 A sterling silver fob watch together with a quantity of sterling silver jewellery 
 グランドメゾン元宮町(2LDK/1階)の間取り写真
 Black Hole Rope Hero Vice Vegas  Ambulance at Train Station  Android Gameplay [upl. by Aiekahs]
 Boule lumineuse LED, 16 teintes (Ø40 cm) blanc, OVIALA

--

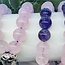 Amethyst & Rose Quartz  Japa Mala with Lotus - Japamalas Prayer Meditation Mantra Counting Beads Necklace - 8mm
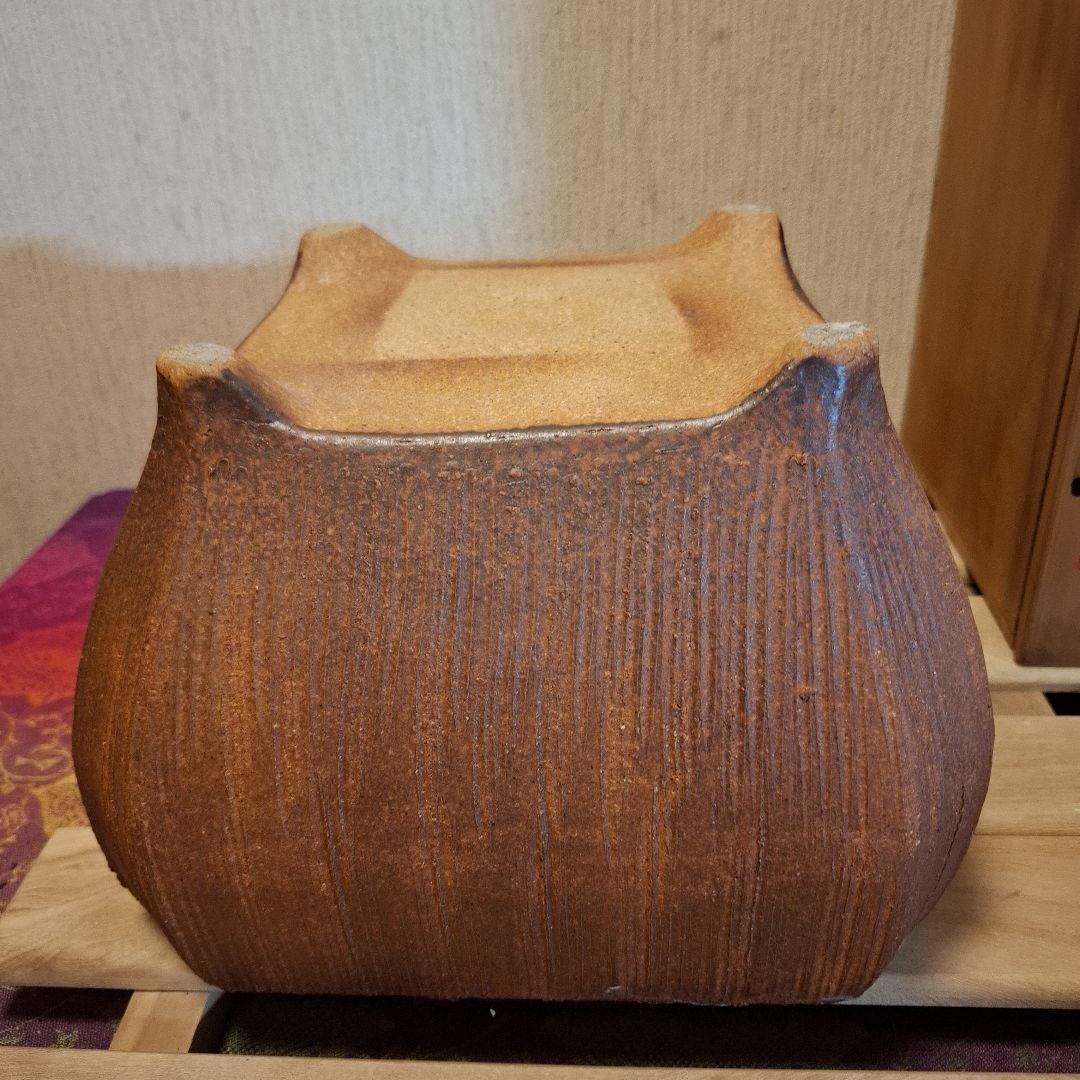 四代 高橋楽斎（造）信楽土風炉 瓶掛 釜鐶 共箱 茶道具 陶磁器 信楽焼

**Your task**
Copy out the lines above exactly, beginning at the one that contains "A sterling silver" and ending at the one that contains "Boule lumineuse LED, 16".

**Answer**
 A sterling silver fob watch together with a quantity of sterling silver jewellery 
 グランドメゾン元宮町(2LDK/1階)の間取り写真
 Black Hole Rope Hero Vice Vegas  Ambulance at Train Station  Android Gameplay [upl. by Aiekahs]
 Boule lumineuse LED, 16 teintes (Ø40 cm) blanc, OVIALA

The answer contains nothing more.